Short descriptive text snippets
*** Begin section ***

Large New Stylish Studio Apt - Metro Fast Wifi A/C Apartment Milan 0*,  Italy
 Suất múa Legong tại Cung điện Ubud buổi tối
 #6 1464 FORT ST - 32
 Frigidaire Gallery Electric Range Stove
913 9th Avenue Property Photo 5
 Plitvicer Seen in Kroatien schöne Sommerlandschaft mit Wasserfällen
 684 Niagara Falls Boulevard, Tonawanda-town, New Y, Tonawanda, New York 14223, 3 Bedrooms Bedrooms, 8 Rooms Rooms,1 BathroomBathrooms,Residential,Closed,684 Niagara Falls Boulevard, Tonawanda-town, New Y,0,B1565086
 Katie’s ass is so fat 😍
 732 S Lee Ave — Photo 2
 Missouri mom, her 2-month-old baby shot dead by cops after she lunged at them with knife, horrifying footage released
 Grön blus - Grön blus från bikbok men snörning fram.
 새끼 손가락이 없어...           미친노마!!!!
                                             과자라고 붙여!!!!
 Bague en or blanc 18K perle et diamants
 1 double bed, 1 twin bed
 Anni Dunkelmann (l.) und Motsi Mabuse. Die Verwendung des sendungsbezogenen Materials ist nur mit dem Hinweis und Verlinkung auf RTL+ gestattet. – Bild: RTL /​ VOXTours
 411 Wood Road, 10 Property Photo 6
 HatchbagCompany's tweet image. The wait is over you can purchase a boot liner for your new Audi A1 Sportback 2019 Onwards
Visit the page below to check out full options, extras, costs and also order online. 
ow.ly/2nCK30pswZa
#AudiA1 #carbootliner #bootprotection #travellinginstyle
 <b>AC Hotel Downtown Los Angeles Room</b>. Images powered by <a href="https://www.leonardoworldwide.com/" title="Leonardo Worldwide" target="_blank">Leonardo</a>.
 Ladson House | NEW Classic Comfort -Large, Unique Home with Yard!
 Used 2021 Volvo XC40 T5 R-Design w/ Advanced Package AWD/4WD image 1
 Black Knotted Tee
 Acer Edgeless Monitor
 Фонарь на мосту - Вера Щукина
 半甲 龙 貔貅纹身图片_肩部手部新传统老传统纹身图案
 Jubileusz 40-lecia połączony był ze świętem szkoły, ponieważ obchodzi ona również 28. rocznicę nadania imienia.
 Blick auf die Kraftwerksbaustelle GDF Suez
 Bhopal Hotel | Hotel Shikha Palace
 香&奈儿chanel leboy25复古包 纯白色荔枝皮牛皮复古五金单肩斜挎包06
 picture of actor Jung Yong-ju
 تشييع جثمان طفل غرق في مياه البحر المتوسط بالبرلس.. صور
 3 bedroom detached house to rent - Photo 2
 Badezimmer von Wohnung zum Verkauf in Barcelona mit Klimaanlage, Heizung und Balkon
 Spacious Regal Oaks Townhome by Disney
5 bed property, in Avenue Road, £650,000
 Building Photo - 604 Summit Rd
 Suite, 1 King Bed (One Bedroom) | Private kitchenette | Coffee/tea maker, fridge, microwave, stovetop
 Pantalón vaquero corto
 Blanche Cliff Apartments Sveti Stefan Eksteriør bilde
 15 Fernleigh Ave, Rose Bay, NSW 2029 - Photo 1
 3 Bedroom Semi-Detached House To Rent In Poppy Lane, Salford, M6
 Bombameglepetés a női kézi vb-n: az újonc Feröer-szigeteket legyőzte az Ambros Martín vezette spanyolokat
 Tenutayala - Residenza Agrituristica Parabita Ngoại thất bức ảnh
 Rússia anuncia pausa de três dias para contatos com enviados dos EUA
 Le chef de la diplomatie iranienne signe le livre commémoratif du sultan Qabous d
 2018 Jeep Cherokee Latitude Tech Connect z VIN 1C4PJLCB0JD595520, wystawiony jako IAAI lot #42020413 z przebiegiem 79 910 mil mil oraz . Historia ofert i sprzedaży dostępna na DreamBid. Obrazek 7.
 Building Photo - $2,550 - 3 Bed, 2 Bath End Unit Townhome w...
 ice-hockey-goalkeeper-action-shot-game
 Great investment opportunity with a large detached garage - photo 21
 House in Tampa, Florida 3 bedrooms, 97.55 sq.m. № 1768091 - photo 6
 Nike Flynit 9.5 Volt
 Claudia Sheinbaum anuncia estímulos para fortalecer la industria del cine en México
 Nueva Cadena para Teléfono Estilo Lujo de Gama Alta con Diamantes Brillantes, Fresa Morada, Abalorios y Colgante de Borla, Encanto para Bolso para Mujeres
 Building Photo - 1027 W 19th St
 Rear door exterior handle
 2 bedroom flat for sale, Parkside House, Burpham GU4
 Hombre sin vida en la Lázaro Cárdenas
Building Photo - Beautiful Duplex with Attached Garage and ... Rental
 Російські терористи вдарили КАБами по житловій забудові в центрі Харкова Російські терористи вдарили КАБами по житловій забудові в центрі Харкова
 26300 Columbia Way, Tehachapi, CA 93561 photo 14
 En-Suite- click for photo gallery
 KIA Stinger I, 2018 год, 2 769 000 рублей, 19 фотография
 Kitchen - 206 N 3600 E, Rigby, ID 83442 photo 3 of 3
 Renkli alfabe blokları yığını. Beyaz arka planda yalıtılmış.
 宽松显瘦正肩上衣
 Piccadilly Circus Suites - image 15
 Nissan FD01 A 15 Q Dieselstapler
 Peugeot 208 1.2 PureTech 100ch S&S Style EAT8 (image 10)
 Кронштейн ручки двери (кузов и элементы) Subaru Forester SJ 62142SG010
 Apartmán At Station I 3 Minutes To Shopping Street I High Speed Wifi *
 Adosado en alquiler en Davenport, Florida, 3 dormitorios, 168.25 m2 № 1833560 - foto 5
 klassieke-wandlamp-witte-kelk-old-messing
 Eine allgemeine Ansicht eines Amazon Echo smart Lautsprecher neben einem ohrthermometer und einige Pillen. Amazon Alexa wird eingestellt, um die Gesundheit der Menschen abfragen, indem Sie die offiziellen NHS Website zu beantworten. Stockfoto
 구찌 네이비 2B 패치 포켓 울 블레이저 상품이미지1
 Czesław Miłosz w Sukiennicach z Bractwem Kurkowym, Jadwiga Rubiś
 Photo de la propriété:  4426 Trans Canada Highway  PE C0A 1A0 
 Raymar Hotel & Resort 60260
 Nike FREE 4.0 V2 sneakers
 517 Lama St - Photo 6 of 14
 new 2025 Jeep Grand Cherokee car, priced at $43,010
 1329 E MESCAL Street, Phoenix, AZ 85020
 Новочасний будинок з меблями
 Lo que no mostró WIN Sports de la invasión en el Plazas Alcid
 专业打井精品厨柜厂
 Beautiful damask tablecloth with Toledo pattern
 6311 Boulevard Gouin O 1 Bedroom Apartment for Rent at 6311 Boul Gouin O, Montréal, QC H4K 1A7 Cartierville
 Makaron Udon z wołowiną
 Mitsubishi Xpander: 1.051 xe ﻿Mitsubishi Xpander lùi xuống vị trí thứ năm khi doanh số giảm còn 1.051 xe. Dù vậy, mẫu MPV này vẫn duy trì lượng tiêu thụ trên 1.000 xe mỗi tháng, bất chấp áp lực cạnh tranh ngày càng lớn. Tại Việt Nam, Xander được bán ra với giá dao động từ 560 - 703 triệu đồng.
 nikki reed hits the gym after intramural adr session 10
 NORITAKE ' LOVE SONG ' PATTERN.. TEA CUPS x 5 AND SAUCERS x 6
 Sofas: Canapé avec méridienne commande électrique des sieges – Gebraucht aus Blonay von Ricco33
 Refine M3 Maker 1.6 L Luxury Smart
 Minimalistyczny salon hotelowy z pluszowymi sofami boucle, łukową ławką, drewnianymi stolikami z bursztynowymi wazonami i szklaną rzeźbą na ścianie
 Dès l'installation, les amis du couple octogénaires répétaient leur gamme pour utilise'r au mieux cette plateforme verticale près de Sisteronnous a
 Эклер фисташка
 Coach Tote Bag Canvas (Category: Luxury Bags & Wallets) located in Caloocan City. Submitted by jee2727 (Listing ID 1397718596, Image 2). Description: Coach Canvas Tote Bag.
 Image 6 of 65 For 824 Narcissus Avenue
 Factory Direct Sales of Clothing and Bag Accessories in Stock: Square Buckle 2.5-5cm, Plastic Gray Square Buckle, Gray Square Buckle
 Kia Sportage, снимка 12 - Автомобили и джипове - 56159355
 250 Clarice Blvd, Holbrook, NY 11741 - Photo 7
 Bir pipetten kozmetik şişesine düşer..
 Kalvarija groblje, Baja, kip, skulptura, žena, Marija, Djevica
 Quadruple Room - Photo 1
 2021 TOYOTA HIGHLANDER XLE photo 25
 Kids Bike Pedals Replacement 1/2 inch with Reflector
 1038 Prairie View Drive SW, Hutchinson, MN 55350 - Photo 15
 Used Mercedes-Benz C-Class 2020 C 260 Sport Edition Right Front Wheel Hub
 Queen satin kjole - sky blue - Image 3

*** End section ***

From the entries above, copy each line that holds "Building".

§ Output below:
 Building Photo - 604 Summit Rd
 Building Photo - $2,550 - 3 Bed, 2 Bath End Unit Townhome w...
 Building Photo - 1027 W 19th St
Building Photo - Beautiful Duplex with Attached Garage and ... Rental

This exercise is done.